The national election being held today may be constitutionally and legally correct, but politically and morally flawed. There are no true winners in this walkover without credible opponent. It is a replay of bitterly farcical elections that we have had in Bangladesh, making a mockery of people's right to vote -- national election of March 3, 1988, by-election of March 20, 1994, national election of February 15, 1996, and the aborted one of January 22, 2007.
In the heart of their hearts the 153 candidates who have been given the status of uncontested “MP-elect” must be deeply embarrassed to be congratulated even by their near and dear ones. Likewise, very few, if any, of the remaining 147 would have the satisfaction of having been elected in true sense of the term.
We had seen this before. The difference is that this time the cost has become much higher because of newer forms of violence, loss of life, breach of public safety and security, capture of political space by brutally undemocratic means and, above all, threats to democracy and fundamental rights of the people. “Da-kural” (axes and choppers) and havoc by petrol bombs have come in response to “logi-boitha” (sticks and oars) for a ruthless game of hunger for power.
Our political leaders appear to be engaged in a senseless competition of doing worse than the opponent and causing deeper self-embarrassment, holding the fate of 160 million people hostage in the name of democracy. They have not shown any sensitivity to the hardships and human tragedies of the victims of violence, not least to losses incurred by the society and economy for now and for days to come. They are making politics difficult for true politicians, and creating their own enemies. The lust for power is so brazen that they don't even mind hitting below the belt. By these and more, examples are being set of what a democracy-aspiring nation and its leaders must not do.
There is another difference this time, which may in fact be a dimming light at the end of the tunnel. The prime minister and a number of her party and coalition leaders, including powerful ministers, have indicated that they are holding this election for the sake of constitutional obligation, even though it is against their own conscience.
On December 21 last year, the PM said: “Of course we will score goals as the field is empty.” One cannot ignore the factors that contributed to the field being empty -- whether it was for want of a level-playing field, or for the referee's lack of credibility, or because the trust level between the two captains is at the nadir, or because one is coached in such a company that challenges the fundamental values defining the context in which the game is being played.
Be that as it may, the candid acknowledgement that it was going to be a competition far from worth the name can be commended. On the other hand, soon after the election manifesto of Bangladesh Awami League was announced, the finance minister told a TV talk show that they did so as a mere formality and not to seek public mandate on it.
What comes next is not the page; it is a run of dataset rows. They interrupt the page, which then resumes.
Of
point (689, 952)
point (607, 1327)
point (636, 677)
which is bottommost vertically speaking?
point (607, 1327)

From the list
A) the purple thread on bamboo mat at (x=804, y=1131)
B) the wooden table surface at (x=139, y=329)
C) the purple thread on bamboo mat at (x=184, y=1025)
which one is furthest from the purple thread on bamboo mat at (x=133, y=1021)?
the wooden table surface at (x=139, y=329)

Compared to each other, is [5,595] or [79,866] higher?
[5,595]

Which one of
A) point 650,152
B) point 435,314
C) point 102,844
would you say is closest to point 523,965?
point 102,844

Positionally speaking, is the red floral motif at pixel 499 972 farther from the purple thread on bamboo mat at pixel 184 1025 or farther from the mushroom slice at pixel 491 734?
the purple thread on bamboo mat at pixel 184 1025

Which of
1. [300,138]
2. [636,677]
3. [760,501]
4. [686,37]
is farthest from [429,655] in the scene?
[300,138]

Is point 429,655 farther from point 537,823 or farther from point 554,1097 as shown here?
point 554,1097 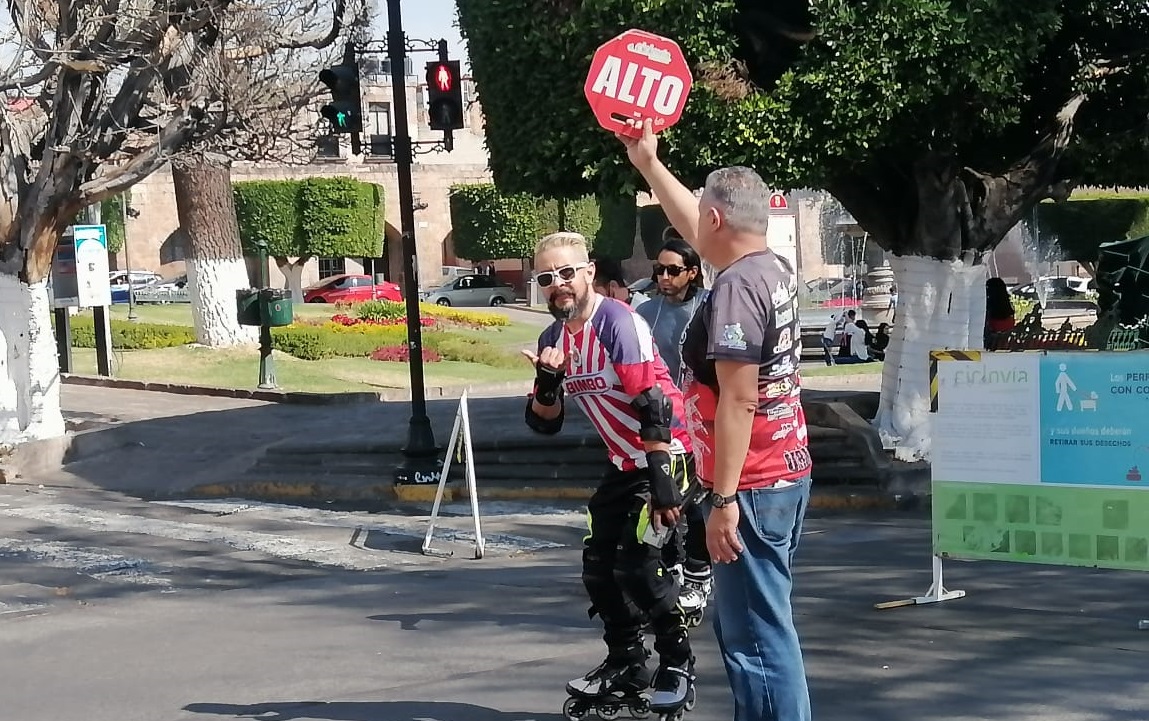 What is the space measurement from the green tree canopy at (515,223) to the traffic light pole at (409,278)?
41.4 metres

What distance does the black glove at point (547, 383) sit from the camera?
5637mm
He added that there was no scope to seek public mandate “because no election is being held … our jono-netri has already announced that people's mandate cannot be achieved by this, she will soon arrange another election on the basis of consultation with the opposition party.”
Today's election being a fait accompli, and much as it may appear unrealistic, this announcement can be viewed as a ray of hope for resolving the stalemate. Although it is going to guarantee them a brute majority, the ruling party and its allies are fully aware, as has been already announced, that it is not going to give them public mandate to form either the government or the parliament. Hence, the talk about negotiation for election to the 11th Parliament is a plain and simple recognition that today's election lacks both credibility and legitimacy.
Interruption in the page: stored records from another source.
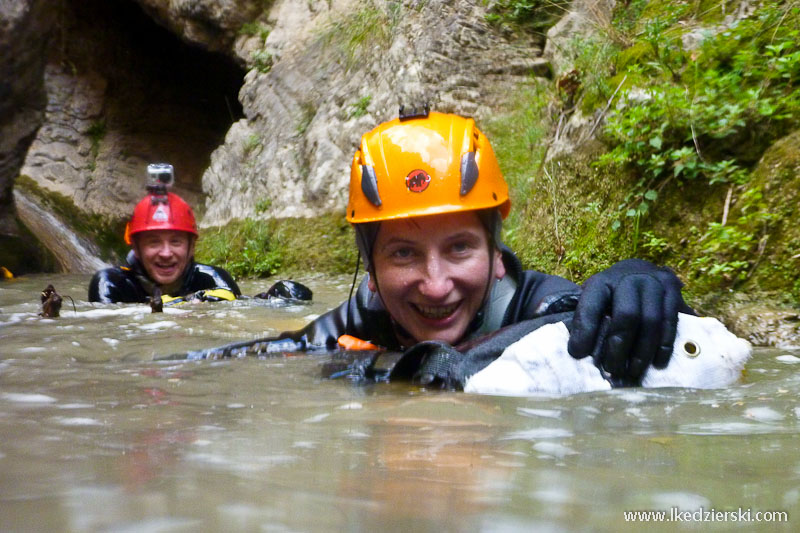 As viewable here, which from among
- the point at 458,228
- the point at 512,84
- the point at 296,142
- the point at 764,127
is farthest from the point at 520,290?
the point at 296,142

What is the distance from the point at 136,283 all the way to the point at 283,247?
3.26 m

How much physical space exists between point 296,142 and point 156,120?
8840 mm

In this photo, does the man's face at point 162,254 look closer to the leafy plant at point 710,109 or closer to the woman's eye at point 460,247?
the leafy plant at point 710,109

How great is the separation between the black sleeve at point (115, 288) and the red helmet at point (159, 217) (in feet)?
1.17

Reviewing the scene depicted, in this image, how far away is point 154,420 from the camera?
5.88ft

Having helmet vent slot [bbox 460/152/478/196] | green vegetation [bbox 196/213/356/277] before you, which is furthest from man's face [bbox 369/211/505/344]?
green vegetation [bbox 196/213/356/277]

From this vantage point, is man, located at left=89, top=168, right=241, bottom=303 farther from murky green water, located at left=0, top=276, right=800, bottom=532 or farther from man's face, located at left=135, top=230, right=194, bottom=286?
murky green water, located at left=0, top=276, right=800, bottom=532

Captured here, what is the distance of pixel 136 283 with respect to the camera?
671cm

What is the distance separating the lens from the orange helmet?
2.75 meters

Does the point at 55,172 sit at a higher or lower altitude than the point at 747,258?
higher

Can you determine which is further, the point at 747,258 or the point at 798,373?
the point at 747,258

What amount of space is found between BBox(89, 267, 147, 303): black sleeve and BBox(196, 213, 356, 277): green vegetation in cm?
283

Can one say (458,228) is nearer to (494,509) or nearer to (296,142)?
(494,509)

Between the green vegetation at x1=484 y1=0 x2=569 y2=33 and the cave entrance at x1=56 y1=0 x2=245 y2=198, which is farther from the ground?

The best outcome of the January 5 election, therefore, is the space for the government to take the lead to resort to the negotiating table to agree on a mutually agreed form and content of the election-time government to ensure a fully participatory election. If they mean it, they must, without losing a moment after the election, announce a specific time-bound framework for negotiations. By that they stand to gain more than lose.
Given the political will a negotiated settlement is not far to seek. Forget about expert opinion, and ignore international and diplomatic initiatives. Ask a randomly selected common individual in the street who will easily tell our two top leaders what to do -- place national interest and public expectations above mutual animosity, unacceptability and hatred; demonstrate that you have the genuine credentials of the two brightest torch-bearers of democracy in Bangladesh.
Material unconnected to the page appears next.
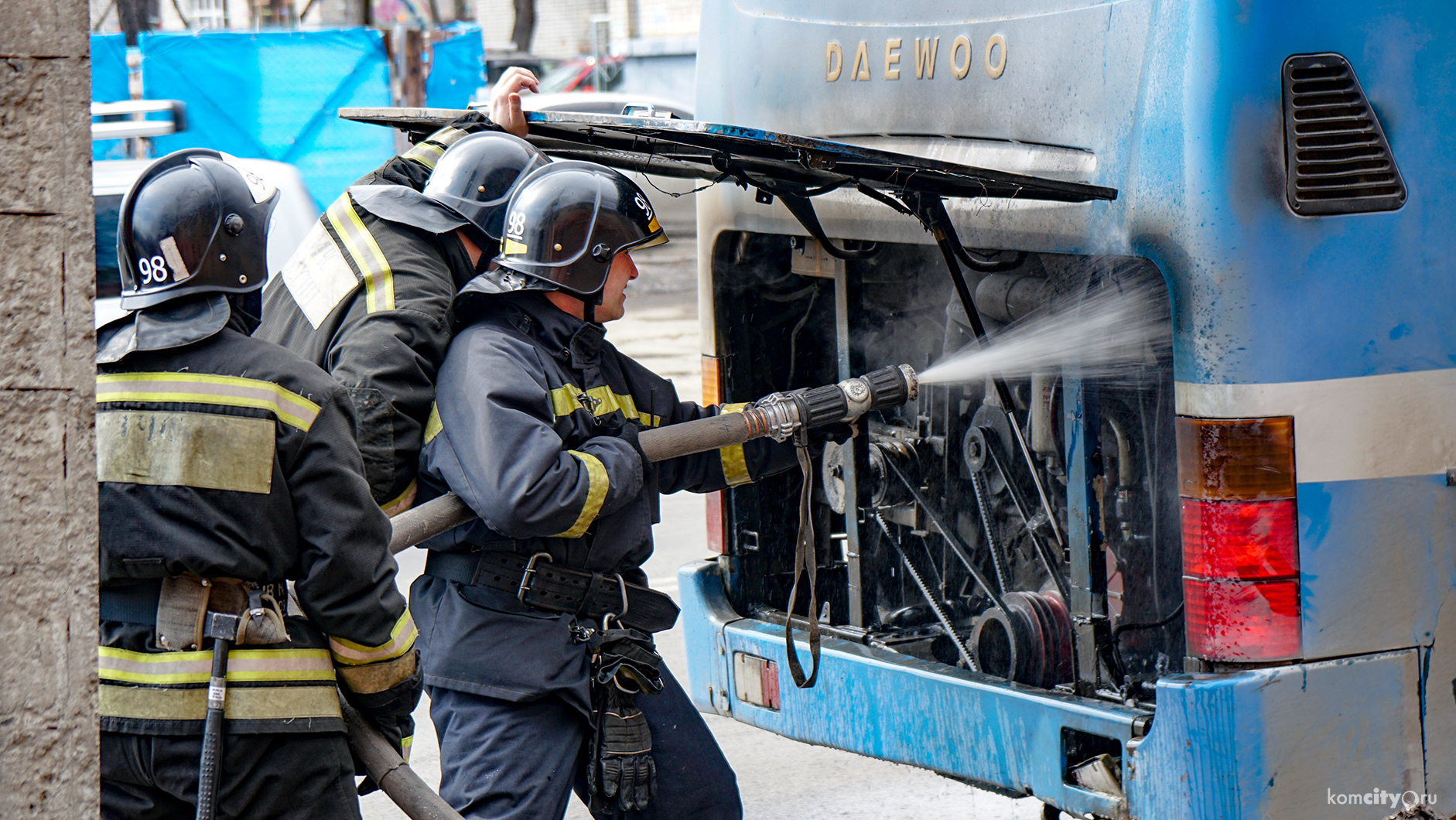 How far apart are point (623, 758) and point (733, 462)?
0.79m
People tend to find ways to work together for two types of motivations -- to achieve common goals or to address common threats. The zero-sum game has become so blindfolded that there is perhaps no room for exploring common goals. But the brinkmanship has also brought them to a stage that they need to look at the threats they are inviting for themselves. These are the threats to democracy; threats to public interest, safety and security; and threats of sinister and undemocratic forces gaining more and more ground in political space. These forces are making targeted attacks on innocent people most ruthlessly; they are destroying the state infrastructure. If they are not contained now, such violence may emerge as part of the political culture, inviting more ominous risks for life, liberty and fundamental values of our society than seen so far.
Failure to work out a mutually agreed election-time government within a specific time-frame may create such a havoc of instability and violence that the situation may go beyond the control of democratic political forces. While it is hard to predict the implications of such a nightmarish scenario, an open-ended period of mayhem and higher-intensity violence may unleash what the country cannot afford.
The writer is Executive Director, Transparency International Bangladesh.